Do we really think all of these sources of noise are going to go away? Substantively improve over time? Testing technology gains only have a small chance at marginally improving some of these. I hope to see those improvements. But it’s a drop in the bucket when it comes to the usefulness, reliability and validity of VAM estimates.

The factors other than the teacher which may influence the average test score gain of students linked to that teacher

First and foremost, kids simply aren’t randomly sorted across teachers and the various ways in which kids aren’t randomly sorted (by socioeconomic status, by disability status, by parental and/or child motivation level) substantively influence VAM estimates. As mentioned above, we can never know how much the unmeasured stuff influences the VAM estimates.  Why? It’s unmeasured!

Second, teachers aren’t randomly sorted among teaching peers and VAM studies have shown what appear to be spillover effects – where teachers seem to get higher VAM estimates when other teachers serving the same students get higher VAM estimates.  Teacher aides, class sizes, lighting/heating/cooling aren’t randomly distributed and all of this stuff may matter.

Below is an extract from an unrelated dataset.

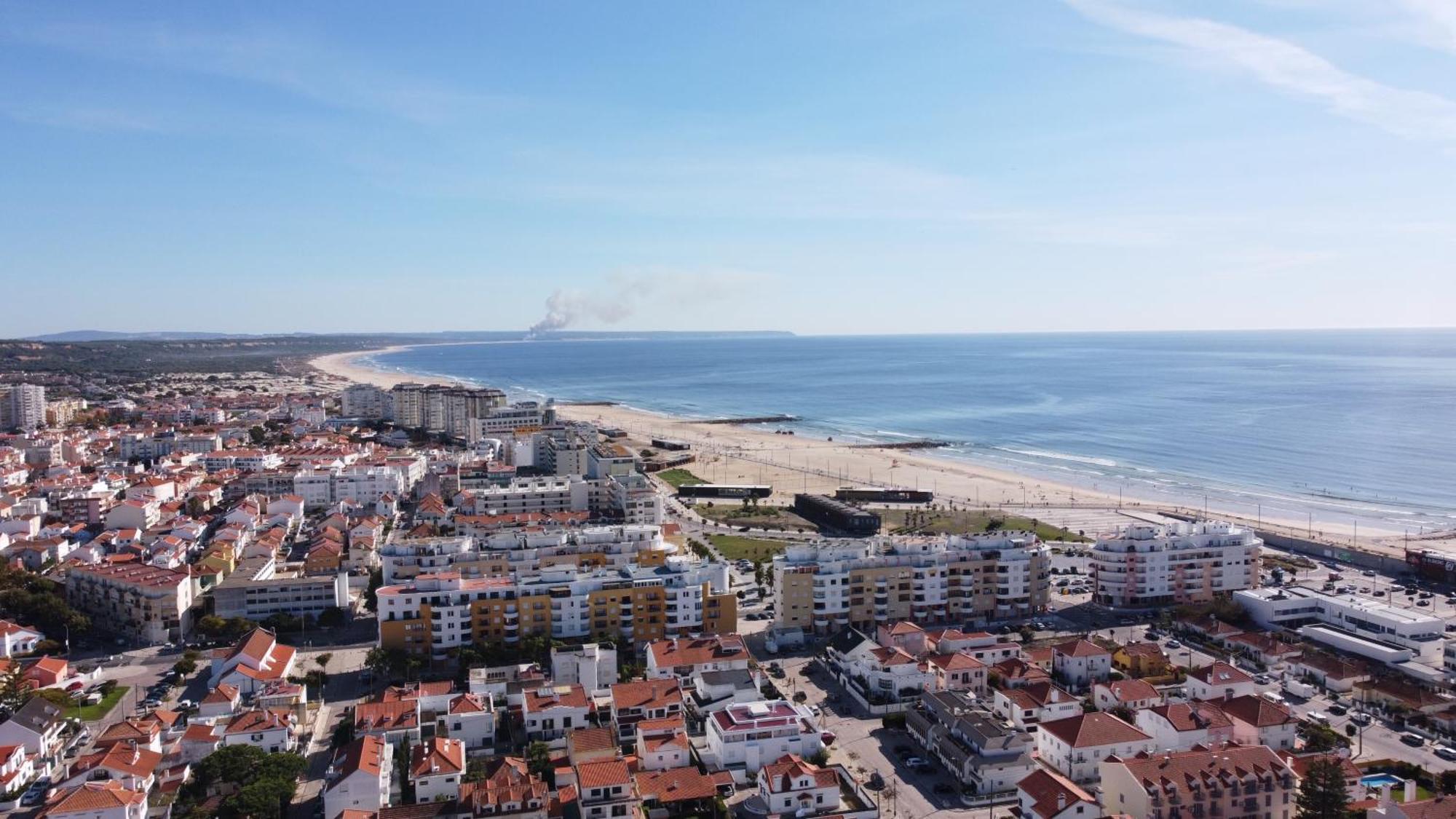 Hoso T1 Costa da Caparica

And you know what?  This stuff isn’t going to change in the near future.  In fact, the more time we waste obsessing on the future of VAM-based de-selection policies instead of equitably and adequately financing our school systems, the more that equity of schooling conditions is going to erode across children, teachers, schools and districts – in ways that are very much non-random [uh… that means certain kids will get more screwed than others].  So perhaps our time would be much better spent trying to improve the equity of those conditions across children. Provide more parity in teacher compensation and working conditions, and better integrating/distributing student populations.

Look – if we were trying to set up an experiment or a program evaluation in which we wanted our VAM estimates to be most useful – least likely to be biased by unmeasured stuff – we would take whatever steps we could to achieve the “all else equal” requirement.  Translated to the non-experimental setting – applied in the real world – this all else equal requirement means that we actually have to concern ourselves with equality of teaching conditions – equality of the distribution of students by race, SES and other factors.  Yeah… that actually means equitable access to financial resources – equitable access to all sorts of stuff (including peer group).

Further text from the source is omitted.